§ **Problem requirements**: Retype the lines from the one containing "20+ Black Updo" through the last line of the entries below, exactly and in full, omitting every image.

BEGIN Data shown

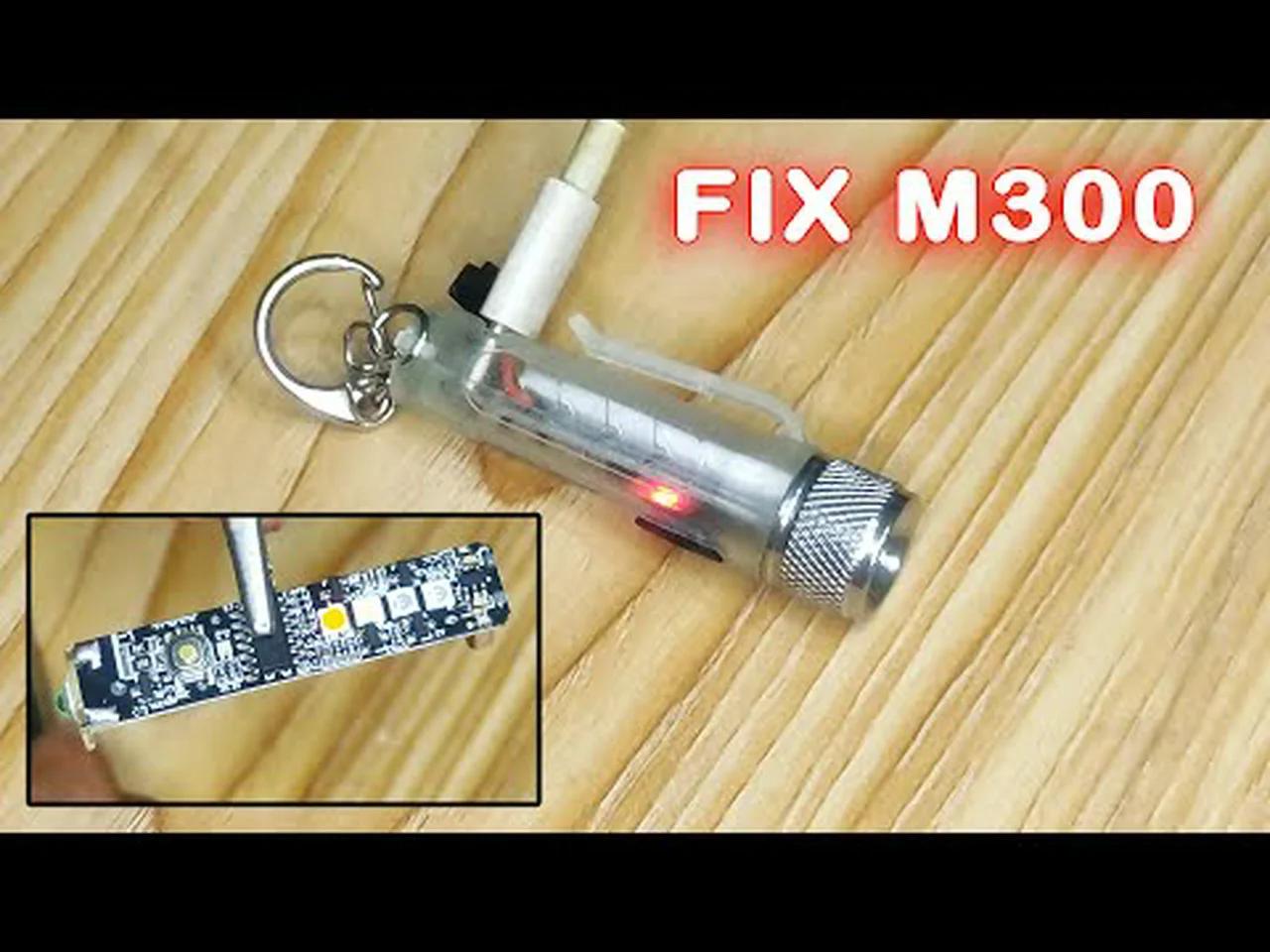 FIX charging problem M300 Keychain Flashlight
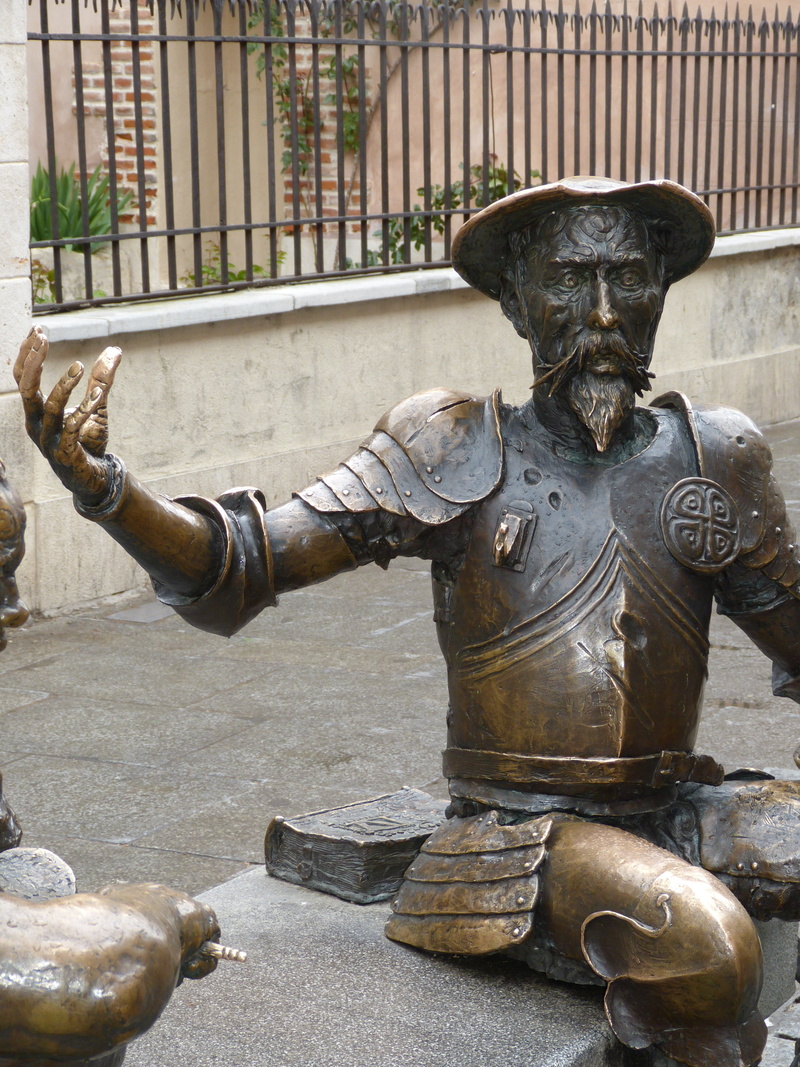 city, built structure, outdoors, monument, knight, sculpture, creativity, craft, 4K, architecture, don quijote, art and craft, history, middle ages, the past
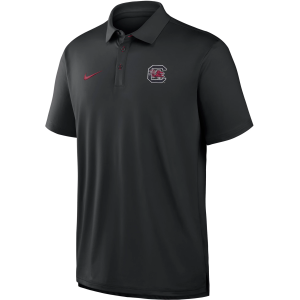 Nike Men's South Carolina Gamecocks Black Tour Gameday Polo, Small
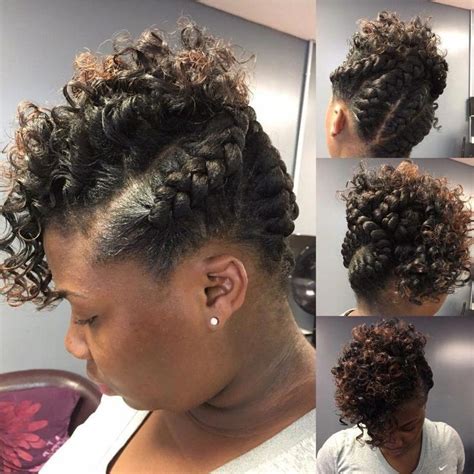 20+ Black Updo Hairstyles With Twists | FASHIONBLOG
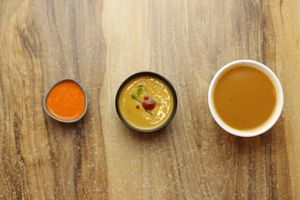 flavourful vegan sauces at Momo Central - Bourke St in Melbourne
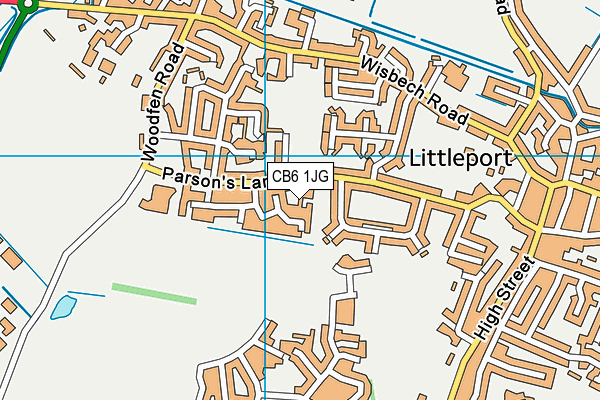 CB6 1JG map - OS VectorMap District (Ordnance Survey) CB6 1JG map - OS VectorMap District (Ordnance Survey)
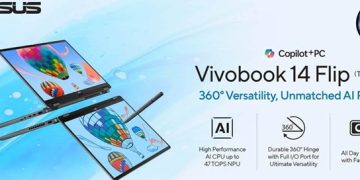 Asus Luncurkan Vivobook 14 Flip Slim Baterai Tahan Lama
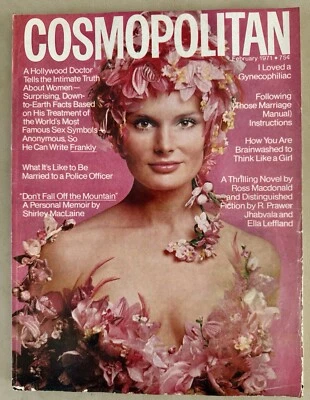 Cosmopolitan Magazine February 1971 Toni Clayton Fashion Lifestyle Advertising - Image 1 of 4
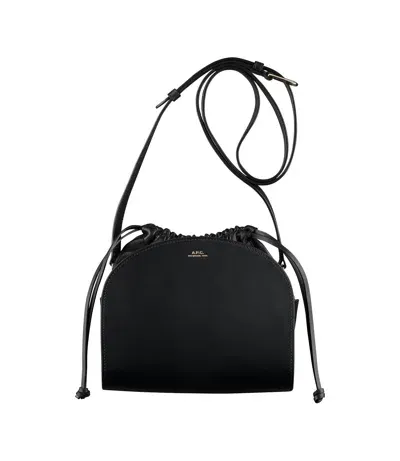 Apc Demi Lune Pochon Crossbody Bag In Black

END Data shown

§ **Result**:
 20+ Black Updo Hairstyles With Twists | FASHIONBLOG
 flavourful vegan sauces at Momo Central - Bourke St in Melbourne
 CB6 1JG map - OS VectorMap District (Ordnance Survey) CB6 1JG map - OS VectorMap District (Ordnance Survey)
 Asus Luncurkan Vivobook 14 Flip Slim Baterai Tahan Lama
 Cosmopolitan Magazine February 1971 Toni Clayton Fashion Lifestyle Advertising - Image 1 of 4
 Apc Demi Lune Pochon Crossbody Bag In Black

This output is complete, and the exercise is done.